Ab dem 1. August 2022 werden Verstöße gegen bestimmte Vorschriften des Nachweisgesetzes erstmals als Ordnungswidrigkeit behandelt, die mit einer Geldbuße von jeweils bis zu 2.000 Euro geahndet werden können. Wenn also z.B. die Schriftform nicht gewahrt wird, in dem der Arbeitgeber die wesentlichen Arbeitsbedingungen „nur“ mit DocuSign o.ä. niederlegt, kann dies zu einer Geldbuße führen.

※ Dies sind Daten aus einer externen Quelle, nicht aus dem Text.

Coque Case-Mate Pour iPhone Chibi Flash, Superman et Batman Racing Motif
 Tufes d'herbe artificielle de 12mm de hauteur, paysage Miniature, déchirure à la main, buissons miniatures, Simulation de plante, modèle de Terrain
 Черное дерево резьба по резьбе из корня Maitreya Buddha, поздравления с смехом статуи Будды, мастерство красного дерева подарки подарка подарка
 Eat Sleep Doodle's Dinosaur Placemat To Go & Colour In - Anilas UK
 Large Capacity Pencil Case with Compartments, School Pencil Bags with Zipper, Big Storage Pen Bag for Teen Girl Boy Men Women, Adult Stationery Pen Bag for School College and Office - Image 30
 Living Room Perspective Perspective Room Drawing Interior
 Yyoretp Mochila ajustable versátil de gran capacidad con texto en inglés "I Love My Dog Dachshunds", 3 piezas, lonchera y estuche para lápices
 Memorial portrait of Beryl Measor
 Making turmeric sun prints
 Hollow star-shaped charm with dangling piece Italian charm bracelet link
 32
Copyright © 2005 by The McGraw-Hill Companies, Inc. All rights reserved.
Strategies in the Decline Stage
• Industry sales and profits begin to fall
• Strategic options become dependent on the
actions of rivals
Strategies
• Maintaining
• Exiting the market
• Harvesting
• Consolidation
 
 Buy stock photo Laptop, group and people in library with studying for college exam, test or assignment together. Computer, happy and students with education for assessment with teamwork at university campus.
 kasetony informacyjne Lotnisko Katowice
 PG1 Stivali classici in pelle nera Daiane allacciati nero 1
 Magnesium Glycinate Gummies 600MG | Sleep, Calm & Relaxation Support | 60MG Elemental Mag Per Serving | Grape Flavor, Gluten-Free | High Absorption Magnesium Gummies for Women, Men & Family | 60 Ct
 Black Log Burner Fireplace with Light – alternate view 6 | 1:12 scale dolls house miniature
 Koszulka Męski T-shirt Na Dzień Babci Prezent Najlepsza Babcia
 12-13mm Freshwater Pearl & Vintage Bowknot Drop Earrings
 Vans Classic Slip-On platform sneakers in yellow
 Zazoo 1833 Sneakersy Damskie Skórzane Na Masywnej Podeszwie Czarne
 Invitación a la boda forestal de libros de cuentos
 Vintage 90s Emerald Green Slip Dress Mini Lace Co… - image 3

Es ist schlichtweg nicht nachvollziehbar, warum der deutsche Gesetzgeber weiterhin an dem Schriftformerfordernis für die Niederschrift festhält. Die elektronische Form bleibt gemäß § 2 Abs. 1 Satz 3 NachweisG ausgeschlossen und das, obwohl Art. 3 der Arbeitsbedingungenrichtlinie ausdrücklich die elektronische Form zulässt. Hier hinkt der Gesetzgeber der modernen Zeit hinterher. Zwar wurde in der 3. Lesung zum Gesetzesentwurf der Regierung ausführlich über das Schriftformerfordernis diskutiert. Am Ende findet aber eine andere Form, außer der Schriftform, keine Zustimmung. Dabei sind die Argumente für das Beibehalten des Schriftformerfordernisses schwach. So argumentiert z.B. die SPD, dass die Schriftform auch schon in den letzten 20 Jahren galt und daher nicht mit einem zusätzlichen Papieraufwand bei den Arbeitgebern zu rechnen ist. Allerdings bedürfen allein die Nachweise, die von den Arbeitnehmer:innen bei bereits bestehenden Arbeitsverhältnissen angefordert werden können, mehr Papier. Es ist nicht einzusehen, dass Arbeitgeber weiterhin handschriftlich unterzeichnete Arbeitsverträge aufbewahren müssen, um diese vorhalten zu können. Im Übrigen stellt Deutschland mit dem Schriftformerfordernis eine Ausnahme gegenüber europäischen Staaten und auch weltweit dar. Es scheint, der deutsche Gesetzgeber ist noch nicht im digitalen Zeitalter angekommen.